Simple Thoughts on Economy Inspired by Dog & Dawn

This week I've started morning walks again, a ritual I neglected with the heat. Within a block I'm aware of the value of this sacred thirty minute span as I greet and am greeted by crepe myrtles declining or reclining as I think of their coming winter's rest.

At one neighbor's home I savored half-dollar size pink morning glories overtaking a flower bed and beginning to climb a tree. A neighbor came out, nodded to me and I continued to converse with the neighboring flowers. At one corner, I stopped and let the sun warm me as I closed my eyes and looked skyward sensing I was being fed.

Yet the encounter close to home made me smile brightest and still does to think of him. Standing at the corner before mine I spied Cuff the black lab who's been in the neighborhood nearly as long as I. Both of us are sprinkled with gray, well me more than him these days.

The enthusiast and lover in me wanted to run up the block and cross the street to Cuff in excitement but paused. What would his owner think?

I significantly picked up my pace and called Cuff's name. His look conveyed a bit of confusion at first. 'Hmmm, she remembers my name?' It's more common in these peri-menopausal days for me to first ask: Now what is your dog's name?

I cheerfully greeted Cuff, who after his initial perplexed pause walked over somewhat stiffly to me, the walk with which I'm familiar some days. We locked eyes; I rubbed his black coat and salt and pepper face and talked tomatoes with his owner. Then we parted ways.

I had been the giver or so I thought. Yet I walked away more full than when I had crossed the street. Before I could ponder how that could be, I quickly realized Cuff had given to me.

How often do I think I'm the giver forgetting I receive.

The cycling of energy, good vibes and love, is a beautiful thing. Givers receiving. Receivers giving. No owing or debting, no interest rates. No foreclosures. I take that back, if there's a foreclosure, it's on my side of the equation because animals are always giving to me. There is no taking back. If there's a sense of owing, it's because a small part of me has been quietly accounting rather than freely giving. It's so simple.

Then just when I think this story's at an end (and maybe it should be), I remember tonight the president, whose hair is now sprinkled like Cuffs, gives his jobs address. Post speech if all goes as usual the air waves will be even more filled with how he's failing.

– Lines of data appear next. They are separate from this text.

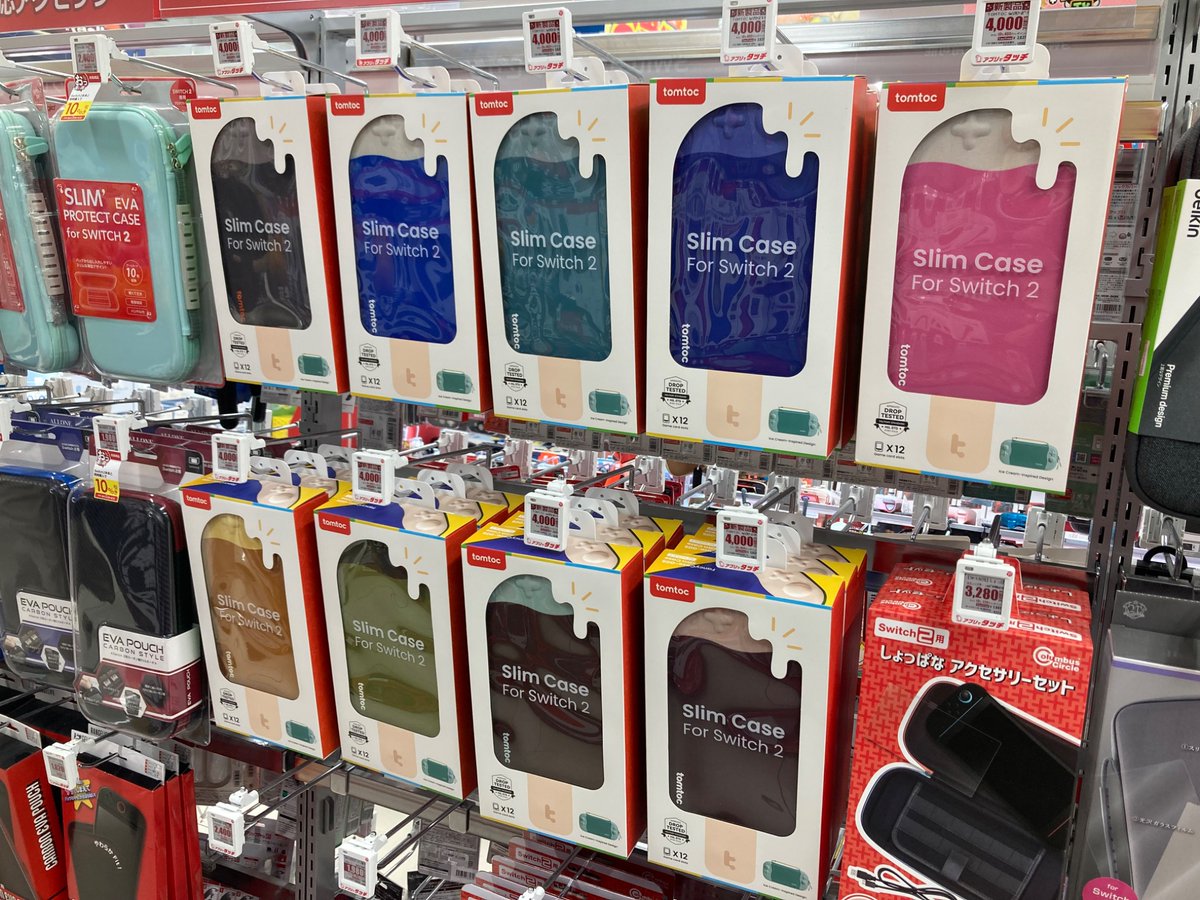 bic_chiba's tweet image. 🧡💛💚新商品🩷💙🩶

#tomtoc のNintendo Switch2専用ケースの取り扱い始めました🥳

どの色もかわいくて迷っちゃうねー(● ˃̶͈̀ロ˂̶͈́)੭ꠥ⁾⁾

6Fゲームコーナーにて販売中😉🎀

#スイッチ2 
#任天堂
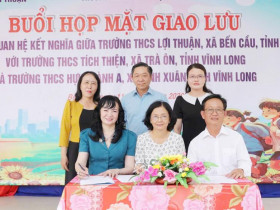 Sự kiện đặc sắc - Khi phấn trắng bắc cầu kiều: Khát vọng kết nối giữa hai miền đất học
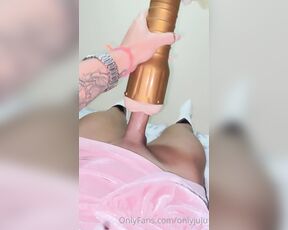 Onlyjuliar aka onlyjuliar OnlyFans - Cumshot Toy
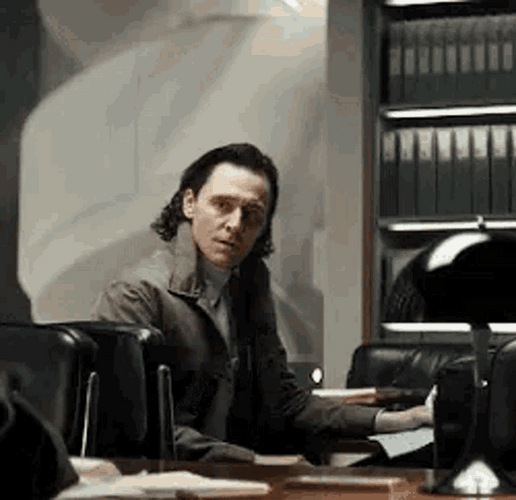 Actor Tom Hiddleston Shh GIF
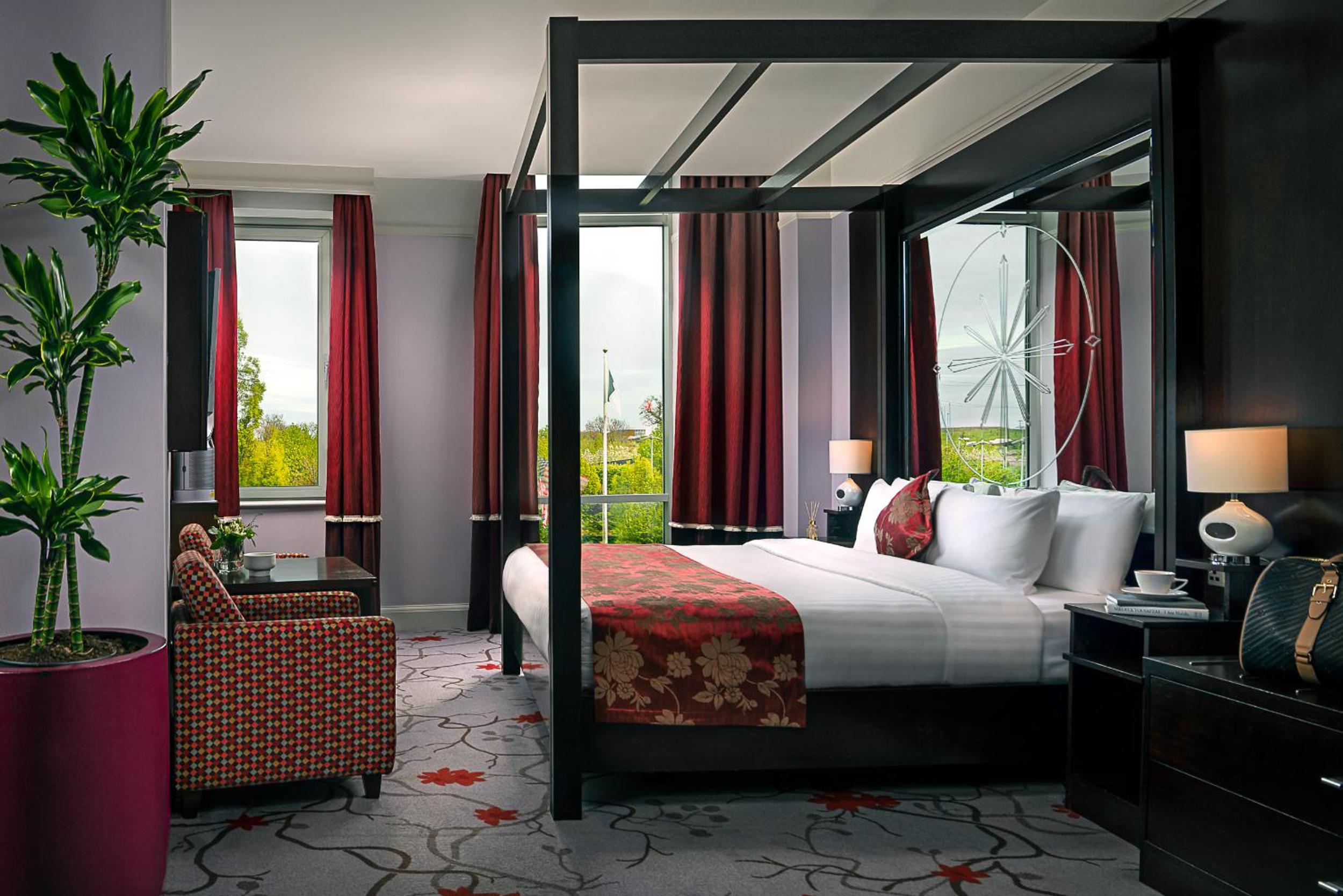 CARLTON, SUITE
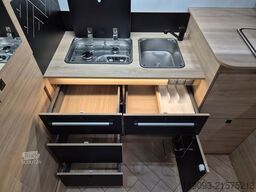 CHAUSSON 660 Titanium Line *MJ26*Arctic*Solar*165PS*Auto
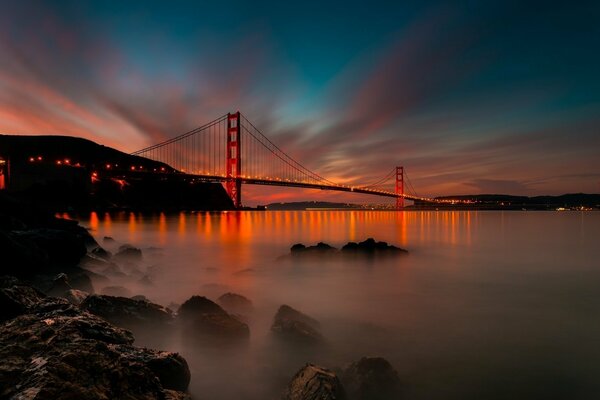 Golden Gate Bridge San Francisco pont coucher de soleil dans le brouillard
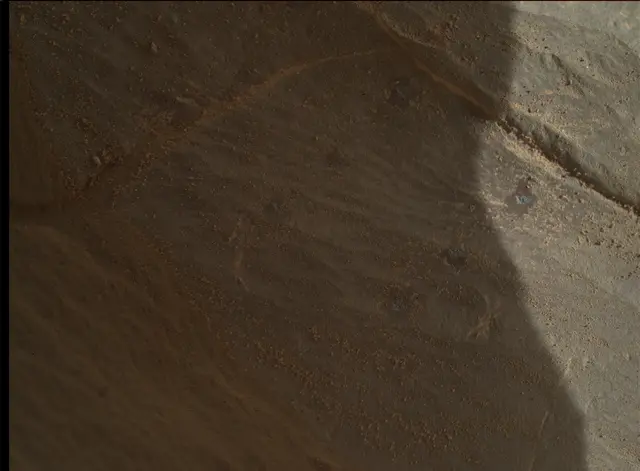 Sol 1996: Mars Hand Lens Imager (MAHLI)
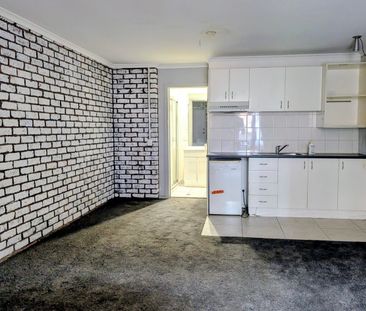 Light & Bright Bedsit Apartment - Photo 1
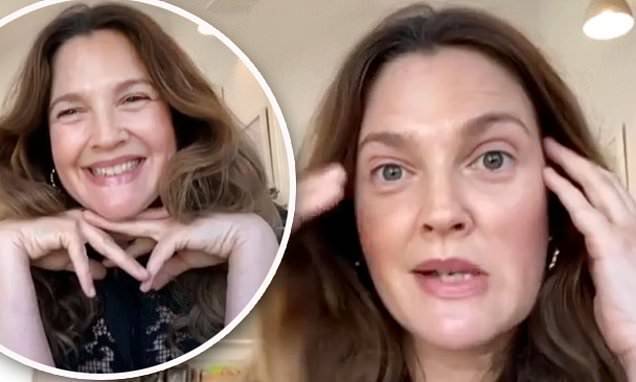 Drew Barrymore reveals she 'cried every day, all day long' while trying to homeschool her daughters - dailymail.co.uk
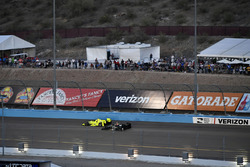 Simon Pagenaud, Team Penske Chevrolet, J.R. Hildebrand, Ed Carpenter Racing Chevrolet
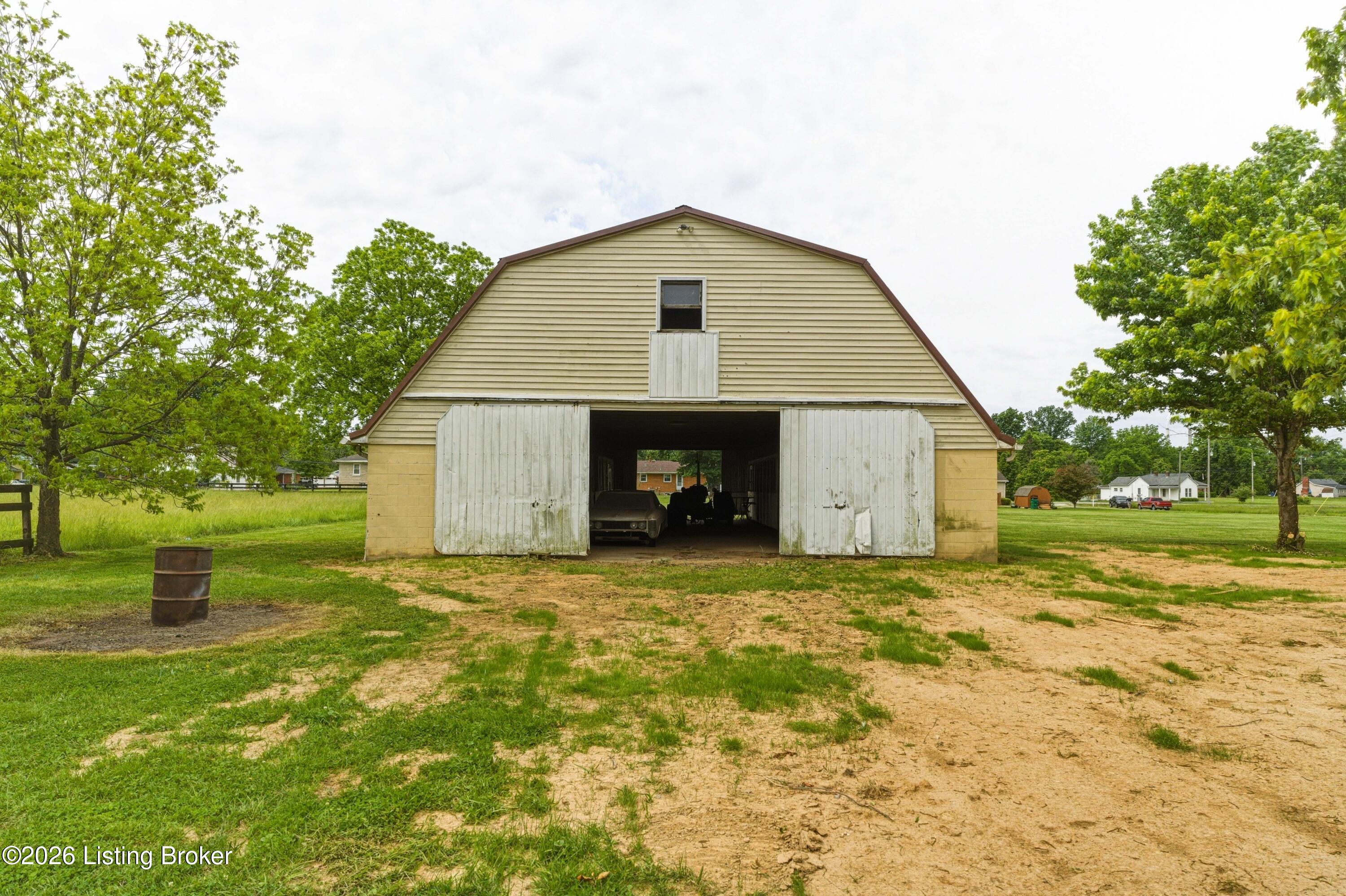 6109 Pendleton Rd Property Photo 42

I know people need jobs to pay the bills, feed their children, pursue their dreams. My intent isn't to diminish the seriousness of joblessness or the longing for security. I get frustrated with the talking heads simplifying complex issues, spinning their version of the facts to suit their side of the debate, influenced by who's paying their salary or in the case of politicians, the lobbyists getting them elected.

They of course would say I'm the simple one not understanding this world in which we live and that's okay. Regardless of what is said post speech and in a thousand tomorrows, I desire my airwaves be more about what's beautiful in my neighborhood and world. I want my airwaves filled with the spinning of shared energy and experience, inspired by crepe myrtles, morning glories, the sun and Cuff the black lab down the street. This is the economy in which I want to invest. The Bank of Loving Energy.